# Assigned task
Beginning at the line that includes "Tinte Brother LC1000-y", print each remaining line of the data word for word. Output nothing else.

# Given material

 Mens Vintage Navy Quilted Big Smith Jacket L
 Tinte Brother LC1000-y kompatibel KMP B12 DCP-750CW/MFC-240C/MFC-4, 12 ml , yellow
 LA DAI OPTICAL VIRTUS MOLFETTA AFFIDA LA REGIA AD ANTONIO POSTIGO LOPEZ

# Response box
 Tinte Brother LC1000-y kompatibel KMP B12 DCP-750CW/MFC-240C/MFC-4, 12 ml , yellow
 LA DAI OPTICAL VIRTUS MOLFETTA AFFIDA LA REGIA AD ANTONIO POSTIGO LOPEZ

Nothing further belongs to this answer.